The middle grade Best Books committee is made up of four SLJ reviewers—Emily Beasley, Monisha Blair, Kristin Brynsvold, Kristyn Dorfman—and Ashleigh ­Williams, SLJ associate editor, chapter books and middle grade.

“Working with the middle grade Best Books committee is always the highlight of my year,” says Williams. “The high quality of our list is entirely due to their thoughtfulness, discernment, and immense dedication to cultivating a diverse collection of the strongest titles in the genre.”

Some members read all year with an eye toward the end-of-the-year list, but things really picked up in August.

Williams assembled an initial list of SLJ’s starred middle grade titles of 2023. Then the group met on Zoom to discuss. Some books were dropped.
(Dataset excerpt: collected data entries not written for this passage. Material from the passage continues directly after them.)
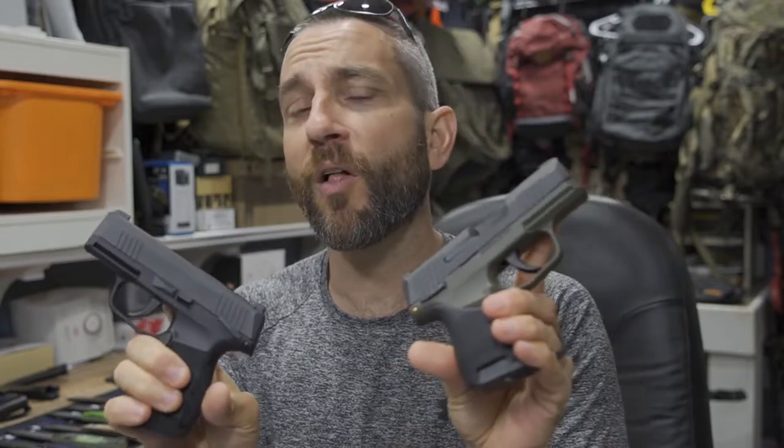But here, this SIG P365 is a little bit different. My original is in 9mm; this one is in 4.5mm or .177 BB, which I think is absolutely phenomenal because quite frankly, I just want more range time. My range is not far from me at all, but I can't always get there. With this, my range is here all the time. I can shoot outdoors, I can technically shoot in my garage or shoot in my basement.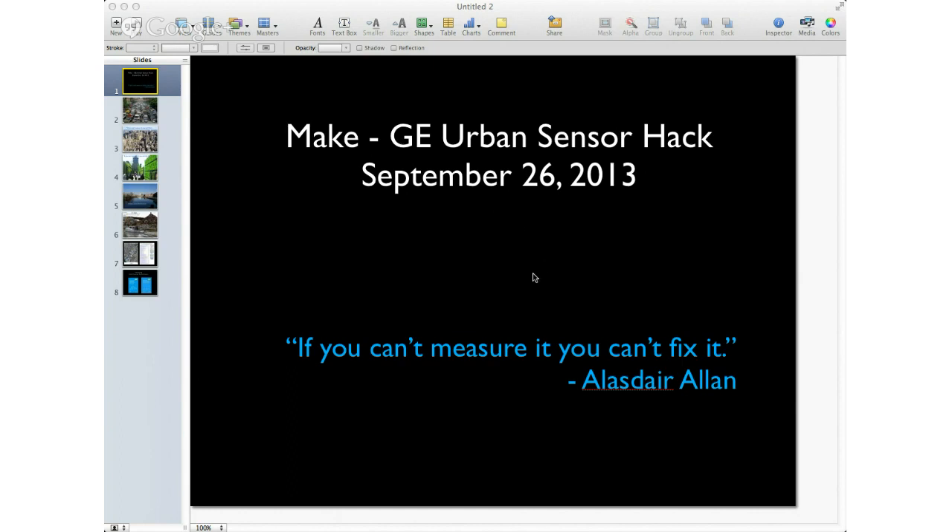We had a fantastic presentation by Alistair Allen two days ago, and there were a couple of lessons worth repeating. One is: what is the reason for why we're doing these things? Alistair appended his own modification to the Make mottos: if you can't measure it, you can't fix it. That's a really interesting justification for almost any urban sensor hack.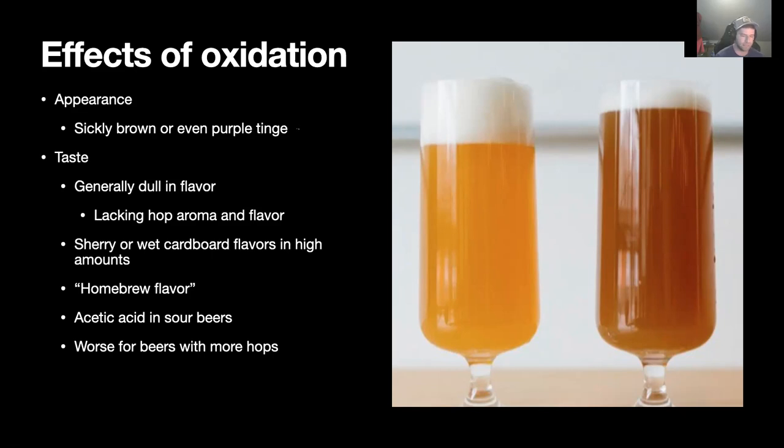That 'homebrew flavor' or 'homebrew taste' is, I think, mostly due to oxidation. If you're new to brewing and wonder why your beers don't taste as good as a commercial example, I would consider oxidation as the first culprit — your hops won't be bright, you won't distinguish malts, and it'll look darker. Oxygen also helps produce acetic acid in sour beers: Brettanomyces produces acetic acid in the presence of oxygen, as does Acetobacter, which you never want. If Acetobacter is present along with oxygen, you risk turning your beer into a vinegary flavor.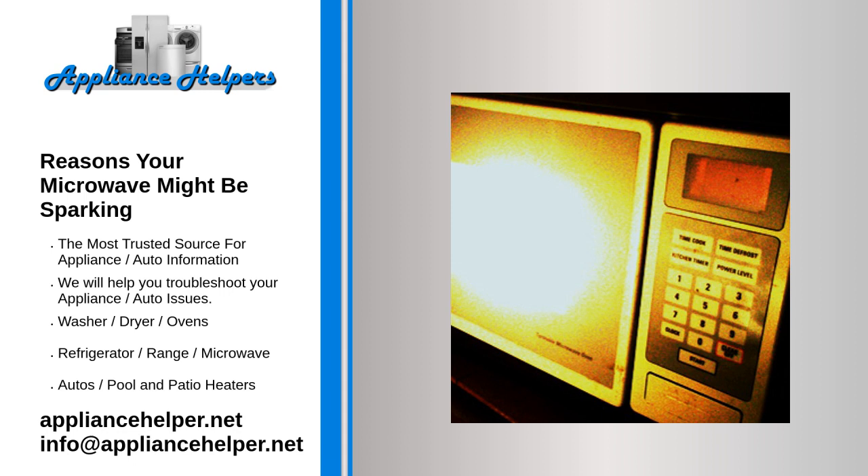Faulty diode. Faulty diodes are the least likely reason that your microwave is sparking, but they're also the worst. Your microwave uses diodes to create the waves and cook your food. If you have one or more faulty diodes, you'll start to see sparks, and your microwave will probably stop working shortly afterward.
Others were added if one committee member had read something not on the list they felt was worthy of consideration.

This was the first of three Zoom meetings. Brynsvold, librarian at ­Tuckahoe Elementary School in ­Arlington, VA, who was on the committee for the second year, calls them “the only meetings I really look forward to.”

“It’s almost like a literary society where you get to talk about all of these books—what’s good about them or what’s not working,” she says. “It’s a ­really cool thing to get to do. And I love getting to be really on top of what’s going on in middle grade books right now.”

After the first meeting, reading continued and the conversation moved to a Google chat group until the next Zoom discussion.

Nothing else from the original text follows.